Q.  Tell us more about your research.

Through my postdoctoral research at Central I am facilitating homemakersounds.org, a collection of soundwalks recorded and co-edited with migrant domestic workers in the UK and Lebanon, most of whom are from the Philippines. These are countries with relatively similar “tied visa” or sponsorship systems in place, that mean migrant domestic workers can’t change employer without compromising their immigration status, which leaves them unable to effectively negotiate their rights. My research is designed to share migrant domestic workers’ experiences and perspectives in a collaborative way – one that tried to maximise how much agency they have in what story gets told. So I would invite a collaborator to take me to a place that has a certain significance for her: for example one decided to escape from abusive employers in Holland Park; Sanayeh Garden in Beirut held memories of a community event enjoyed by domestic workers with undocumented children. And we would go for a walk, and then co-edit a recording of our conversation – so the collaborator would learn an audio editing software and receive appropriate remuneration for her time and creative labour. Then the soundwalk gets uploaded to homemakersounds.org and you – any member of the public – can download it, and revisit that same place while listening through headphones.
 
Q.  When did you first start researching into transnational migration?

My PhD was joint funded by King’s College London and the National University of Singapore, so I spent one year of it based in Singapore and also travelled a lot in Southeast Asia, including through initiatives like Performance Studies international (PSi)’s worldwide “Fluid States” events, which in the Philippines took the form of research journeys in different parts of the archipelago. I joined for the Mindanao leg of this project. I had also been spending time in Beirut and working with a growing network of artists and young activists there since 2013. Singapore and Beirut are very different, but are both postcolonial, multi-ethnic/linguistic and highly migratory port cities – so my work there is on performance representations of collective memory and especially the sea. During my PhD I never looked at Beirut or Singapore very explicitly from a migrant’s perspective (except my own!), though I was very aware of the large numbers of domestic workers in both cities. One in ten women living in Lebanon is a domestic worker, for example. So my current research in Beirut has taken that perspective.
 
Q.  How did the idea of the soundwalks come about?

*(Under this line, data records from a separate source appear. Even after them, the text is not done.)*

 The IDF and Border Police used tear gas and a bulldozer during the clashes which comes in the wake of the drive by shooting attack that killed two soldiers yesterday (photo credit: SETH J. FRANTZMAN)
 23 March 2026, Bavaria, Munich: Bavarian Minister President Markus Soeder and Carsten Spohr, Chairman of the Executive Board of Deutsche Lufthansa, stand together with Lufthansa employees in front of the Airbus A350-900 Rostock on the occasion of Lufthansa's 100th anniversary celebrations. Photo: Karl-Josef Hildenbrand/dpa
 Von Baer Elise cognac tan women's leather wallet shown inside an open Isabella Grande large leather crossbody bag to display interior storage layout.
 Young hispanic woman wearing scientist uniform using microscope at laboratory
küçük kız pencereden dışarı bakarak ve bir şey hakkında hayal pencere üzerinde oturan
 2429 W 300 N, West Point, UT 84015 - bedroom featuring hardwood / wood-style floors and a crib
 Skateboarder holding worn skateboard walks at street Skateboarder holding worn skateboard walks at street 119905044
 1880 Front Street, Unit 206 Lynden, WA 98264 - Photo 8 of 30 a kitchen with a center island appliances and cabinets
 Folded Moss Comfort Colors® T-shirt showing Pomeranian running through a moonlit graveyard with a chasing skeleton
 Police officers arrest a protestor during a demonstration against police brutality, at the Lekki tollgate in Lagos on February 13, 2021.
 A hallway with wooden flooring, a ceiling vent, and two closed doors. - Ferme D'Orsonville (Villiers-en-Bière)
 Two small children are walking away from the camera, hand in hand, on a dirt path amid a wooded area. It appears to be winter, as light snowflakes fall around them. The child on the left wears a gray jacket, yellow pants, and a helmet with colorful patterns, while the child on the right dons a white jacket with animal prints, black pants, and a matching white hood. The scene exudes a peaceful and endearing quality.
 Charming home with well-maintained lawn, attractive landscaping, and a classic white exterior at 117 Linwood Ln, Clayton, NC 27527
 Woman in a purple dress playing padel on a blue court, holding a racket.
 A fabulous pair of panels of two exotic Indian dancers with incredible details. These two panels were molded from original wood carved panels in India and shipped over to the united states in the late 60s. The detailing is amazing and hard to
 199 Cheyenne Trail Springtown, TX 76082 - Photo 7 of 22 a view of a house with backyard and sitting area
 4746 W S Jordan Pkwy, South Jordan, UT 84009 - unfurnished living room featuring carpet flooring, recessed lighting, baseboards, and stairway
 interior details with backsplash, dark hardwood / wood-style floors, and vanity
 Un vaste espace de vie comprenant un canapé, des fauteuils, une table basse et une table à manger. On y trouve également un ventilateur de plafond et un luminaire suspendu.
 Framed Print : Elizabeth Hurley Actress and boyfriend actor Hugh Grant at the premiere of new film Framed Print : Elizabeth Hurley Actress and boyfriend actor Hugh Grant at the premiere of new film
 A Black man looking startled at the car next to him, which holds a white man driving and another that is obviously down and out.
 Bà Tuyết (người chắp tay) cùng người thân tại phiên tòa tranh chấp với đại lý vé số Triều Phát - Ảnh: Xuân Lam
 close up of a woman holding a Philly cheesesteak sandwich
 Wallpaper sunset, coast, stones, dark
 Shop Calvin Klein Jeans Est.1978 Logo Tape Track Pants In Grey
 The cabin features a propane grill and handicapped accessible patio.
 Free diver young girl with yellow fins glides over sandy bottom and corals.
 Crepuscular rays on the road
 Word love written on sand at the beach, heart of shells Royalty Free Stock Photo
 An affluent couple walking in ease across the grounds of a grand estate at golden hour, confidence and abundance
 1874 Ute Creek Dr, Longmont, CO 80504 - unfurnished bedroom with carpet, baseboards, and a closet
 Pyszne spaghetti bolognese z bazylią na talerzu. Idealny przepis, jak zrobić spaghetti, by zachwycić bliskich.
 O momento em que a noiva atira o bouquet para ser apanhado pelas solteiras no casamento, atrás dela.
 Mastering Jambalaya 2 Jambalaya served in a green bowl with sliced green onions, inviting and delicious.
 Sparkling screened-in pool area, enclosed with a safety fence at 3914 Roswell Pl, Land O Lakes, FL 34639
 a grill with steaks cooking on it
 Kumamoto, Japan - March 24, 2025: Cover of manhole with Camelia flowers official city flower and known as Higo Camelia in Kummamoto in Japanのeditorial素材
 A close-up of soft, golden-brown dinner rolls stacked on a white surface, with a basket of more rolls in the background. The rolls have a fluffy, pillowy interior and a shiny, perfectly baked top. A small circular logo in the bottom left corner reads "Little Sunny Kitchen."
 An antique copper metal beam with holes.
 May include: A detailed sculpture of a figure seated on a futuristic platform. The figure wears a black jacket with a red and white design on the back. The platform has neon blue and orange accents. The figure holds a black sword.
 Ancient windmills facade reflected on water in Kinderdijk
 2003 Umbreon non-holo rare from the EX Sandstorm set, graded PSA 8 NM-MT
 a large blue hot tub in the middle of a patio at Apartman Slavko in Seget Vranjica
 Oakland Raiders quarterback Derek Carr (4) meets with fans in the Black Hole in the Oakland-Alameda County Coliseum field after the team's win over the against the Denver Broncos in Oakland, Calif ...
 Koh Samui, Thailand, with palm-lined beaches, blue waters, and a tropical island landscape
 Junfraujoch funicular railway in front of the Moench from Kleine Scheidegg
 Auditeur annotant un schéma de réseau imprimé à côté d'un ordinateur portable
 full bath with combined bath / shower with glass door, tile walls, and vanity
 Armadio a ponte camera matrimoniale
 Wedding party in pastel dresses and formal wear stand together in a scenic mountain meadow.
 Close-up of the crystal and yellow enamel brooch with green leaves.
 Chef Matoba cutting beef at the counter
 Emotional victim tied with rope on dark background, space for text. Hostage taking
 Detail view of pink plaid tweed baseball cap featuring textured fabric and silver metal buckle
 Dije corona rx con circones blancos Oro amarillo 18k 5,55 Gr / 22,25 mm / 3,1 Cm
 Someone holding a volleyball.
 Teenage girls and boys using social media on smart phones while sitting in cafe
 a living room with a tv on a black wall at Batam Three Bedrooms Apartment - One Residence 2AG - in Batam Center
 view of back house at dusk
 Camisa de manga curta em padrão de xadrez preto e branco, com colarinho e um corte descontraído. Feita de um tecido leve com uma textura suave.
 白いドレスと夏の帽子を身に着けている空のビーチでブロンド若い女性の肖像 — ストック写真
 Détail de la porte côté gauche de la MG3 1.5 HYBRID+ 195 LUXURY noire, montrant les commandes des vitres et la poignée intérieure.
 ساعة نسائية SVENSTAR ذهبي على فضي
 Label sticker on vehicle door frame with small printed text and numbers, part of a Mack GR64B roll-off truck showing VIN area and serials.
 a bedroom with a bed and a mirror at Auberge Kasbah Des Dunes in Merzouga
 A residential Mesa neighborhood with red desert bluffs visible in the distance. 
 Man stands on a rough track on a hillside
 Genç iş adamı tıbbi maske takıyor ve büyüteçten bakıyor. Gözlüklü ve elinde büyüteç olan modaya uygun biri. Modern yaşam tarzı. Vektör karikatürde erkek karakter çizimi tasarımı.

Migrant domestic workers are away from their original homes, working (and often living) in other people’s homes. But feeling “at home” while on the move – through place-making and building communities – can be life-sustaining, and migrants have to be experts at this. The soundwalks are designed to capture this expertise – to show rather than tell – because they are site-specific. I’m also interested in the idea of research as a journey or a set of routes. The term “fieldwork” presupposes a field site that is stays still and has fences around it, and as a researcher you can visit and leave and supposedly nothing will change. But research often implies travel, especially within a history of colonial anthropology. My own travel (and the privileges it implies) intersects with the journeys of other migrants. Taking part in the Fluid States journey in Mindanao really emphasised this to me. So the idea of the soundwalks was very much informed by that experience and the way it had been conceptualised by the research coordinator Jazmin Llana. In the upheaval of roots, the soundwalks are about routes.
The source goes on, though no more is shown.